ROCKMAN wrote:vt - I take it you didn't actually read the article. They aren't producing any NG let alone 16,000 meters per day. They tested at a RATE OF 16,000 mpd but did not specify how long they tested. Might have only been a hour or two. They are guessing at least 8 more years before they actually have a producible well:
"It is the first time that production rates actually seem promising," he says. "But it's thought that only by 2025 at the earliest we might be able to look at realistic commercial options." An average of 16,000 cubic meters of gas with high purity have been extracted per day in the Shenhu area of the South China Sea, according to Chinese media."
And no hint at what such a hypothetical well would cost not the $billions to lay the pipelines out there to transport it to the bank.

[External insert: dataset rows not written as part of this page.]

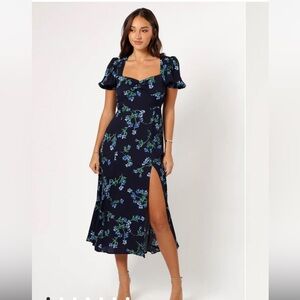 Petal and Pup Hendrix Midi Dress. Size XL. Color - Midnight Blues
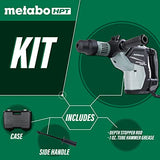 Metabo HPT Taladro de martillo giratorio | 1-9/16 pulgadas | SDS Max | Motor sin escobillas CA | Cuerpo de carcasa de aluminio AHB | Protección contra vibraciones del usuario UVP (DH40MEY)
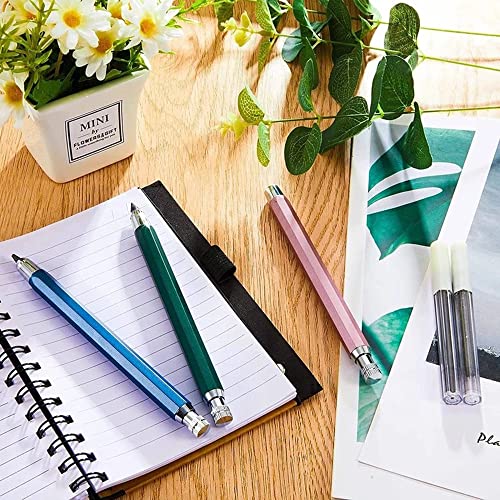 JOMPENS Drafting Pencil Set, 5.6mm Mechanical Pencil with HB Lead Refills, Smooth Writing Graphite Pencil for Drawing Sketching Artists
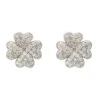 Latelita Four Leaf Clover Stud Earrings Silver -Latelitla Store four leaf clover stud earrings silver 877332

As I said: no indication at all that the process could come close the competing with LNG even if it increased to its record high that was about 3X the current price.
IOW we're still years away from reaching the fantasy level of expectations. LOL.
No Rock the article I read was very specific and said they extracted 16,000 cm per day for several days not just a short test rate. Of course that might be an error in reporting or deliberate government propaganda.
Also the Chinese among others, RD Shell for one, are working on liquidizing NG into LNG at sea so they would not be building pipelines out to the field. Apparently some of these floating processing projects have been cut or put on hold by the increased production of fracked gas in the US so it would not take too much of a change in supply or demand to make them viable again.
I wonder about the process they are using to separate the water from the gas. Bringing it up to the surface and letting it depressurize and warm up works of course but I wonder if they could get it to LNG cheaper by taking advantage of the 1775 psi bottom pressure the 4000 ft depth of ocean has at that depth.
And 2025 is not that far away so a development plan that brings it online in 2025 might well line up with world supply and demand realities then.
The Chinese must think it has possibilities or they wouldn't have invested as much money as they have.